EL coche se detuvo ante la casa, tras circular por el sendero que se bifurcaba rodeando un amplio y redondo estanque en cuyo centró había un surtidor. De pasada, Scott Maning vio el brillo de la luz del pórtico sobre el agua y las grandes hojas que flotaban en esta; plantas acuáticas. Pensó que seguramente serían nenúfares. Pues bien. A la derecha estaba la otra cosa que había visto antes desde el coche. Parecía… una sombra tétrica, no se veía en ella ni una sola luz. El viento seguía silbando, a veces con fuerza que parecía rabiosa, agitando las ramas de los árboles. ¡Vaya nochecita!

El mismo hombre de antes apareció en la puerta cuando el coche se detuvo ante el pórtico, y se quedó esperando. Scott apagó el motor, pero dejó encendidas las luces de posición del coche. Cuando abrió la portezuela de su lado el viento pareció haber estado esperándolo para lanzarle a la cara un gélido gemido. Farfulló una maldición, y, cada vez más convencido de que estaba perdiendo el tiempo, rodeó el coche. Empire había salido ya, y le miró con los ojos desorbitados.

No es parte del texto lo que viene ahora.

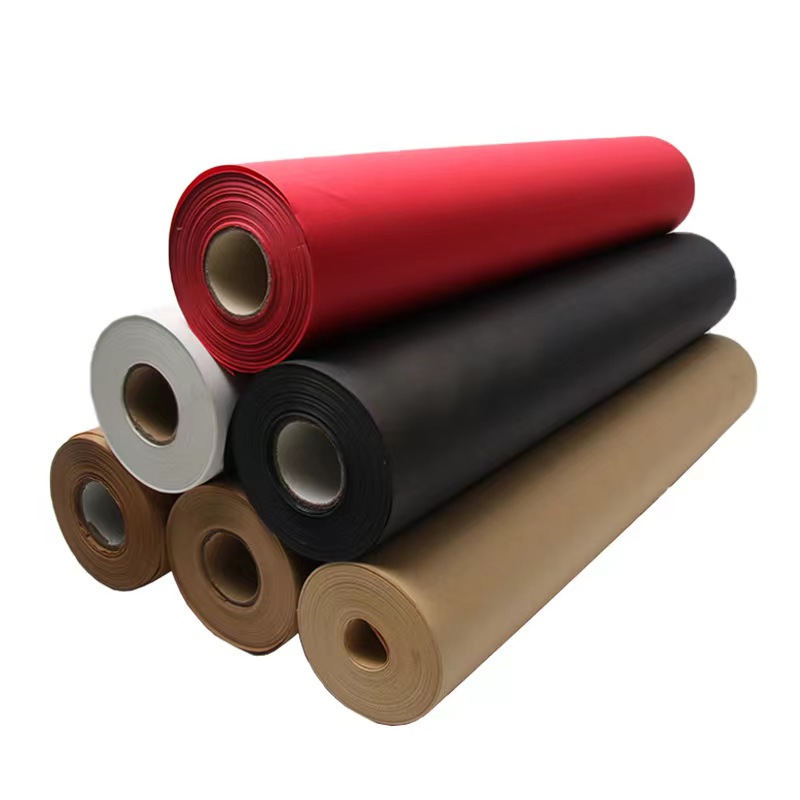 Papel Kraft marrón de 30CM, em - Wallpaper Art And Craft reseña y precio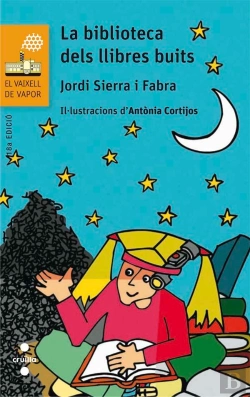 Bertrand.pt - La Biblioteca Dels Llibres Buits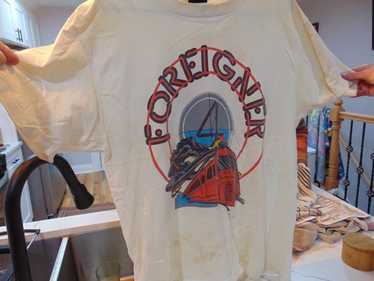 Xl world tour t - Gem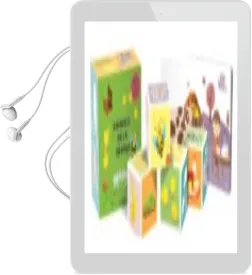 Descargar AudioLibro Animals de la Granja de Lisa Papademetriou año 2013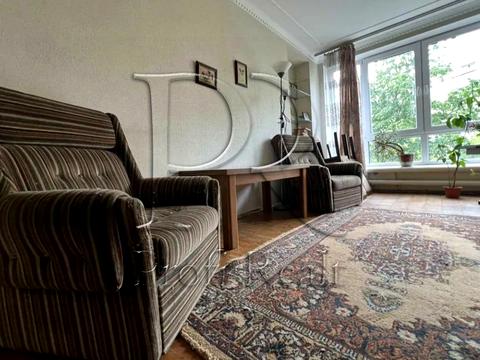 квартира по адресу Андрея Малышко ул., 23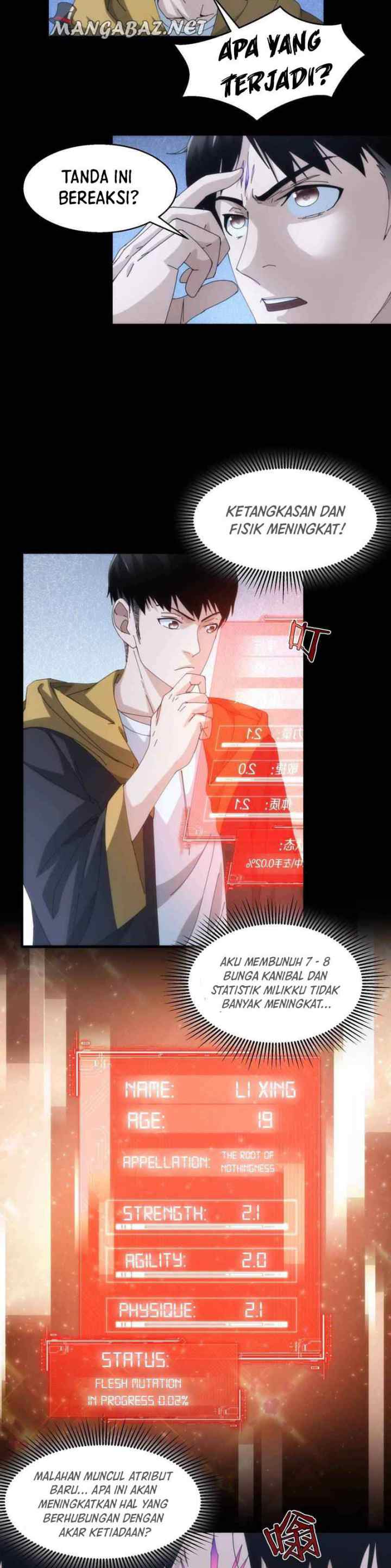 Here's a Punch chapter 19 halaman 8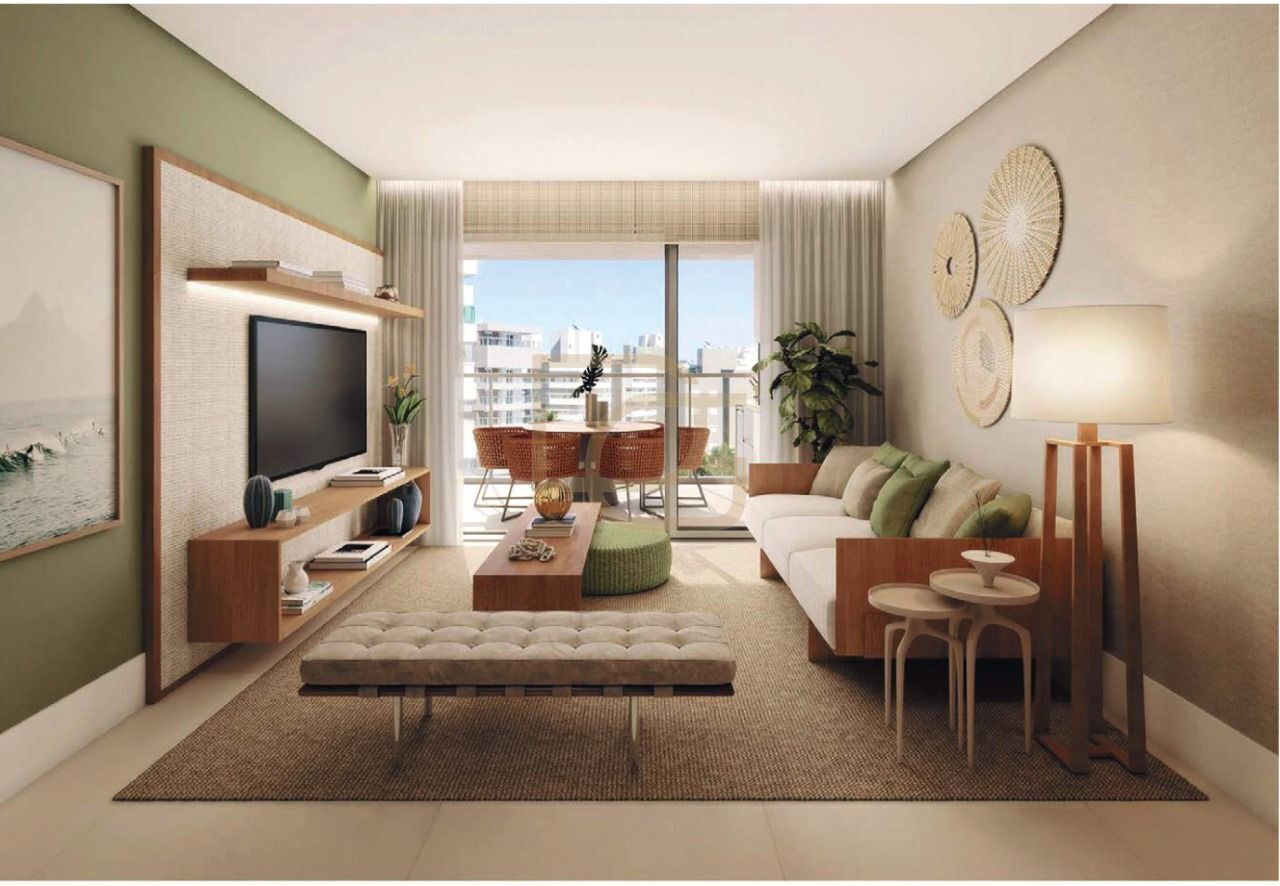 Apartamento, 3 quartos, 147 m² - Foto 28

—¿Qué? —torció una sonrisa Scott—. Hace frío de veras, ¿eh?

Ella parecía querer envolverse en el abrigo de pieles, Scott le pasó un brazo por los hombros, subieron los tres escalones y entraron en la casa. El criado se apresuró a cerrar la puerta, diciendo:

—Sígame, por favor.

Los condujo a un salón, donde los dejó solos. Un salón fastuoso, con cuadros de firmas prestigiosas, alfombras de la más alta calidad, muebles de estilo, una araña sensacional en el techo… Una chimenea enorme, artesonada, conservaba el grato e inimitable calor del fuego de leña. Scott se acercó, y tendió las manos hacia los dos gruesos troncos que se consumían lentamente. Empire se colocó a su lado, y lo miró.

—No diga nada —movió la cabeza—: ya no vale la pena.

—Todavía no hemos visto a los Davis —murmuró ella.

—Pero los veremos.

Cierto, los vieron apenas tres minutos más tarde. Un hombre y una mujer, ambos hermosos y de edad no superior a los treinta y cinco él y treinta ella, aparecieron en el salón, ataviados con elegantes batas pero con cara de sueño. Scott los miró, y torció el gesto.

—¿Señor Maning? —se le acercó el hombre—. No creo tener el gusto de conocerle…

—No, señor. Le presento a la doctora McKinley, psiquiatra.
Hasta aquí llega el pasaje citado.